VietNamNet Bridge – Vietnamese scientists have been quietly implementing the project on setting up a national museum of nature in Vietnam.




Nature museum is not only considered as a very important national work, but also serves as the fundamental scientific basis – the place which can most effectively provide the knowledge on the special characteristics, natural resources and natural potentials of a country.

The US has Smithsonian Museum, Austria has Vienna Museum of Nature, Japan and the Netherlands both also have their own nature museums.

Vietnamese scientists also dream of having such a museum in Vietnam.

“When a teacher talks about the cold climate and snow, he would be able to lead his third-grade students to a room where they can see snow with their eyes. If students want to know more about earthquake, they would be led to a room where they can feel how a 3 Richter scale earthquake feels,” said Dr Pham Van Luc, Director of the Vietnam Museum of Nature when describing the museum model.

The Vietnamese leading specimen manipulators

The reporters arrived in the specimen manufacturing division of the national museum when a moonfish weighing 112 kilos was brought there from Quynh Luu district of the central province of Nghe An. The young specialists of the division were seen casting a plaster fish specimen.

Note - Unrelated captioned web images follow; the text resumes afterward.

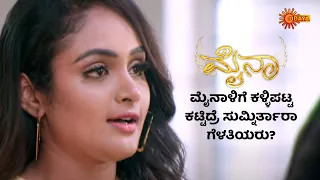 ಮೈನಾ ಪರ ನಿಂತ ಗೆಳತಿಯರು | Myna - Super Duper Scenes | 21 May 2024 | Udaya TV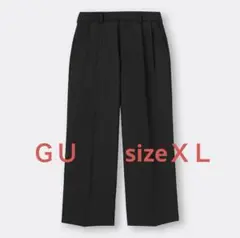 ＧＵ　スーパーバギースラックス　ブラック　sizeＸＬ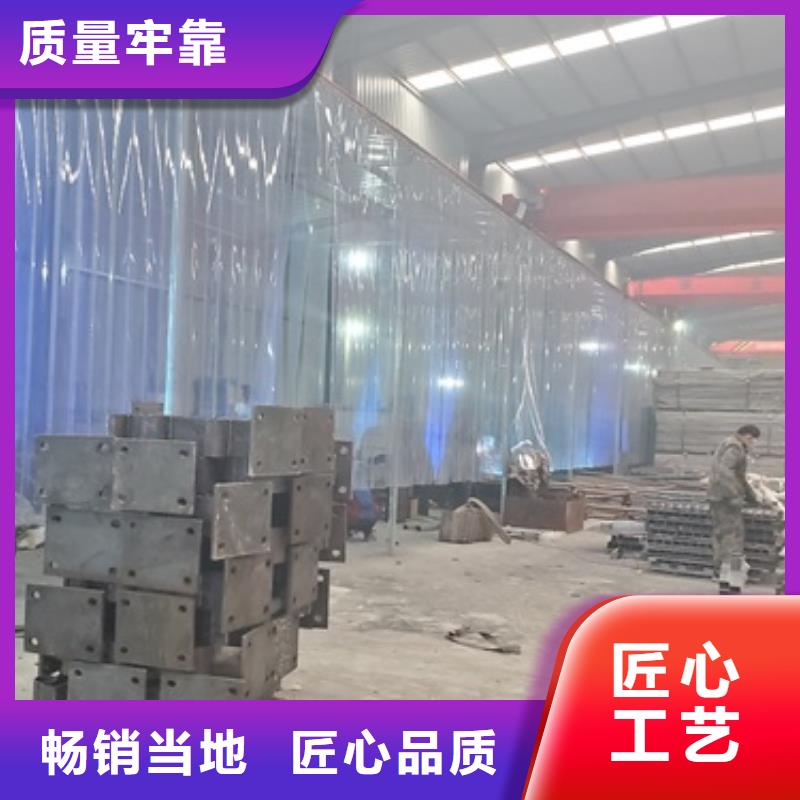 梁山縣不銹鋼護欄定制廠家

“This is a part of the specimen treatment process followed by our museum. This would require much more time and exertion than the current popular method of stuffing cotton to create specimen,” said Tran Van Sang, an officer.

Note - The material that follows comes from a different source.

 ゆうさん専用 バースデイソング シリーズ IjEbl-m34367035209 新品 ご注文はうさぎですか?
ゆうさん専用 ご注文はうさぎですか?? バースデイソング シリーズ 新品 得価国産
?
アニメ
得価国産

“We have to follow the set procedures in order to obtain the specimen that can satisfy the international standards,” Sang explained.

In the past, scientists only had to separate the skin from the animals’ bodies and then soaked the skin into chemical substances. After that, they carried out a surgery and then restored the shapes of animals by stuffing cotton.

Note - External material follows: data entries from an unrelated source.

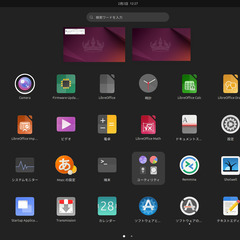 Mac mini(2012) Core i5 メモリ16GB SSD 500GB Ubuntu 24.04.1LTSの画像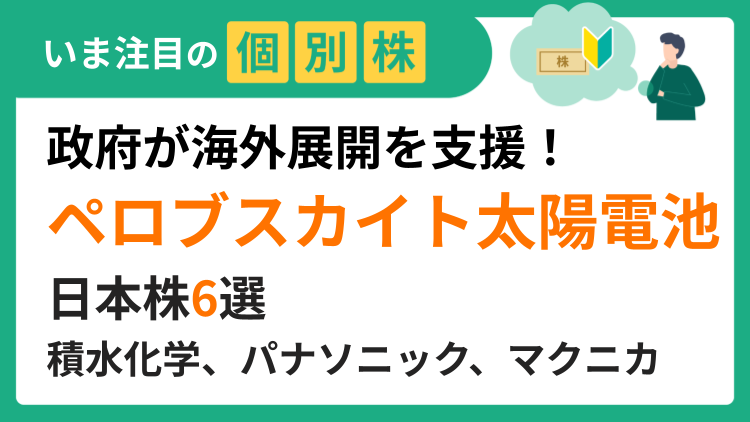 日本発の技術は研究段階からビジネス段階へ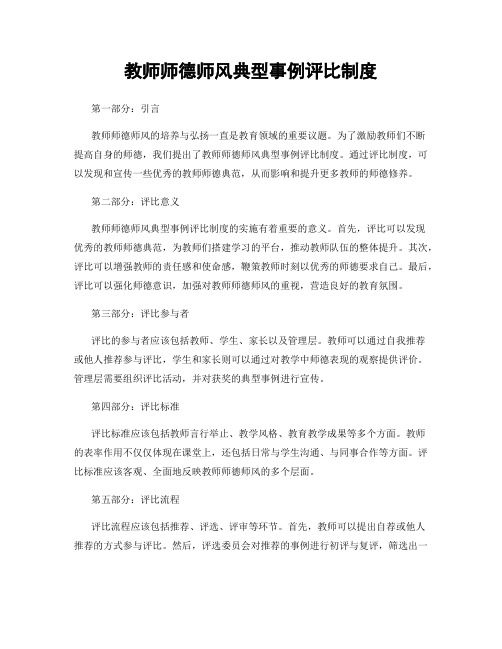 教师师德师风典型事例评比制度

Sang said that this method showed a lot of problems. Firstly, this does not allow the specimen to exist for a long time in the context of Vietnam’s climate with high humidity.

Secondly, when creating specimens, it is always very difficult for manipulators to create the most typical postures of animals which can most effectively show the characteristics and appearance of the animal species.

“In many cases, big errors were created during the building up of specimens,” Sang said.

Sang and his colleagues once followed some training courses under the guidance of foreign specialists and now they can undertake the works very well.

Pointing to the specimens in the room, Duc Trung, who dealt with the moonfish, said that here at the museum, the scientists would not use cotton wool, but bubble foam, which not only can allow specimens to resist the climate conditions, but also help easily manipulate the specimens’ postures.

A national museum of nature must preserve standard biological specimens of the country. Therefore, standard specimen patterns need to be created, so that new specimen can be generated form the patterns while no need to use the original specimen.

“When a scientist discovers a new animal species, he would be able to come to the nature museum and compare the ones they find with the specimens on display at the museum,” Dr Pham Van Luc explained, emphasizing that this is the scientific significance of a nature museum.